Your output should be the lines from the one containing "Used 2024 Dodge Durango GT RWD image 27" through the end of the listing, exact and inclusive, with no pictures.

Data shown ::
......
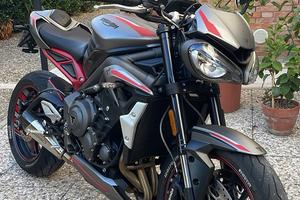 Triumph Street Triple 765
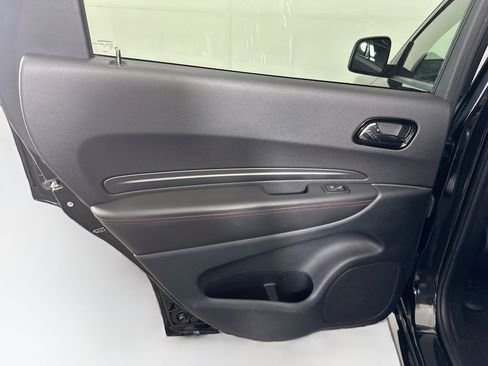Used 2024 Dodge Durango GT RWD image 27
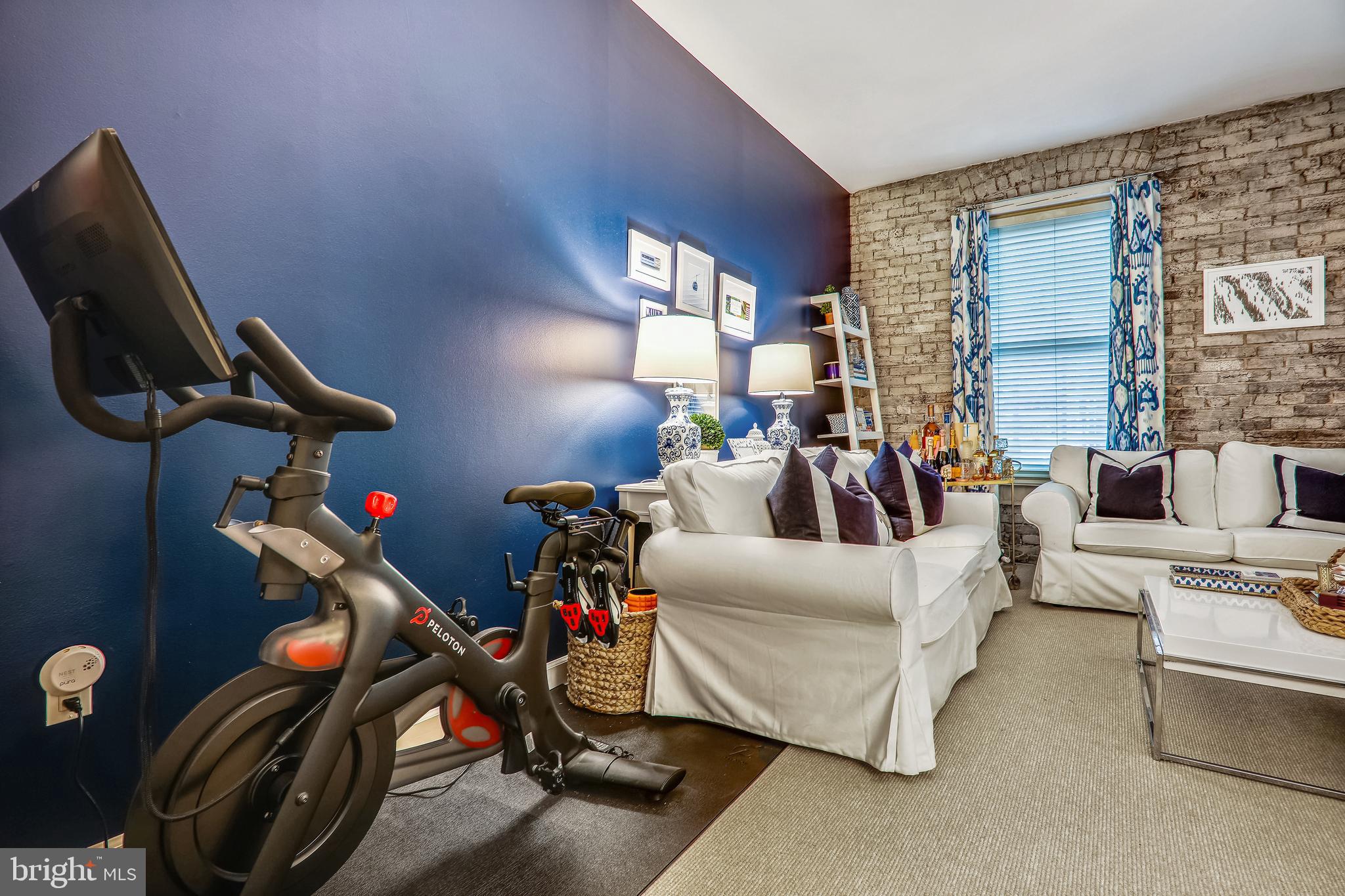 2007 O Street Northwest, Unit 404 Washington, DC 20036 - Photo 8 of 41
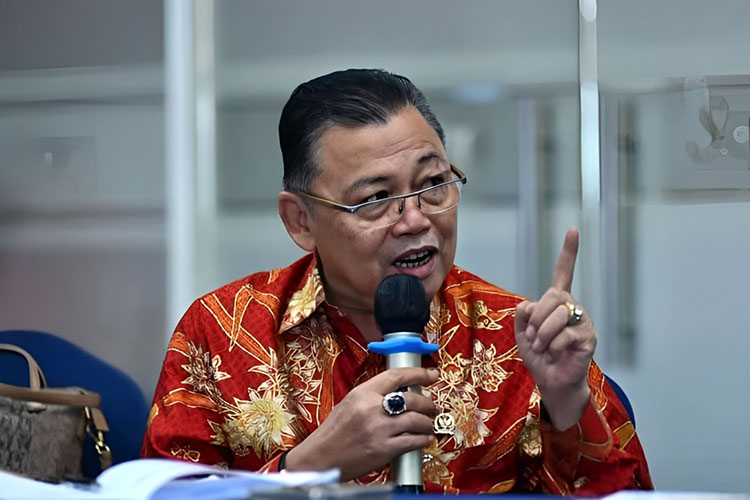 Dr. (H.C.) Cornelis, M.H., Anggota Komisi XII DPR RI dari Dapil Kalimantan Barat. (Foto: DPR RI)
......
The answer ::
Used 2024 Dodge Durango GT RWD image 27
 2007 O Street Northwest, Unit 404 Washington, DC 20036 - Photo 8 of 41
 Dr. (H.C.) Cornelis, M.H., Anggota Komisi XII DPR RI dari Dapil Kalimantan Barat. (Foto: DPR RI)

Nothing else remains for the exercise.